コストがかかっているだけに値下げは難しい。そこで、小林は鹿児島から北海道までクルマで全国行脚をしながら飛び込み営業を続けた。鳴かず飛ばずの日々が続くなか、「せめて置いてくれるだけでいいから」と預けてきた神戸の雑貨屋から「1個売れたからまた送って」という連絡が入る。それをきっかけに、問屋での扱いが始まり、徐々に軌道に乗り始めた。

「結局、人は変わらないので、こっちが変わらないといけないんですよ。そもそも、高級爪切りの需要なんてないんですから、効率が悪くても地道に営業しないといけない。いまできることをやるしかないんです」

オープンファクトリー内の諏訪田製作所の歴史をたどる展示の一部。創業後、工具の「喰切」を経て、爪切りの製造へと移行していった。

労働環境の改善をきっかけに
オープンファクトリー計画が始動

 

工場内の様子。ブラックの作業着をまとった職人たちが、ブラックに塗装された工作機械を操り、作業を進める。今回は特別に工場内部への入室が許可されたため、爪切りの部材を研磨する職人の手元などを撮影することができた。
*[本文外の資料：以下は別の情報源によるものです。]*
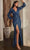 Ladivine B8422 - Sequined Faux Wrap Prom Gown Mother of the Bride Dresses XS / Lapis Blue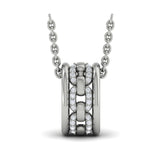 14 KT White Gold Reverse Channel Set Link with Diamonds Pendant Necklace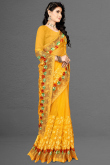 Thread Embroidered Net Mustard Yellow Saree
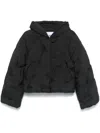 Ganni Down Jacket With Embroidered Monogram In Schwarz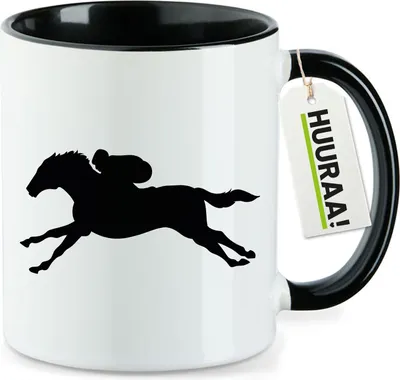 Produktbild von Huuraa Kaffeetasse Pferderennen Silhouette 330ml Schwarz Keramik Kaffeebecher Geschenkidee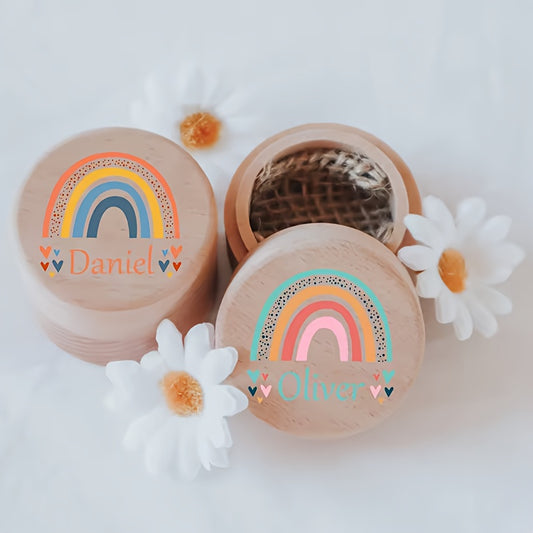Personalized Rainbow Wooden Tooth Keepsake Box Engraved Name Colorful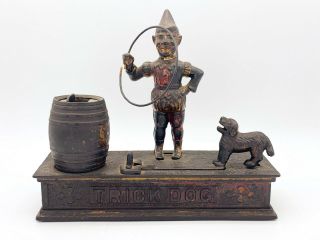 Antique Trick Dog Cast Iron Mechanical Bank Pat 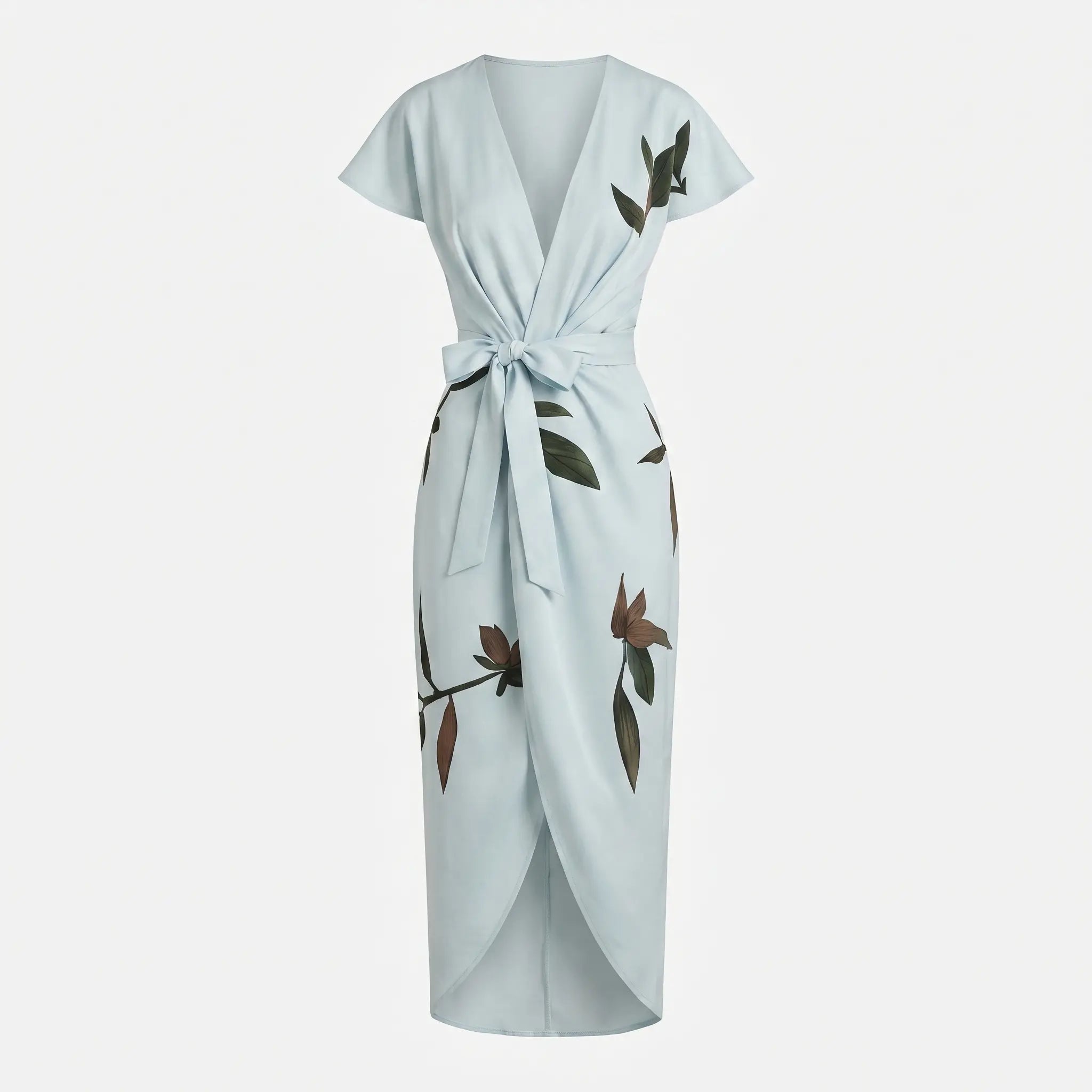 Satin Wrap Midi Dress with Leaf Print for Women TARHUS SS - Womens - Midi Dress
諏訪田製作所の爪切りをひとたび使ってみれば、握りやすいグリップに軽く力を込めるだけで硬い足の指の爪まで簡単に切れる使い勝手と切れ味の良さに誰もが感心してしまうだろう。モノとしての美しさと、道具としての機能性は、ほぼすべての工程が手作業かつ、自らオーバースペックと自認するほどぜいたくに使われた部材の良さに由来する。

かくして、じわじわと売れ始めた高級爪切り。それでも当の職人たちは相変わらず作りたがらなかったというのだから問題は根深い。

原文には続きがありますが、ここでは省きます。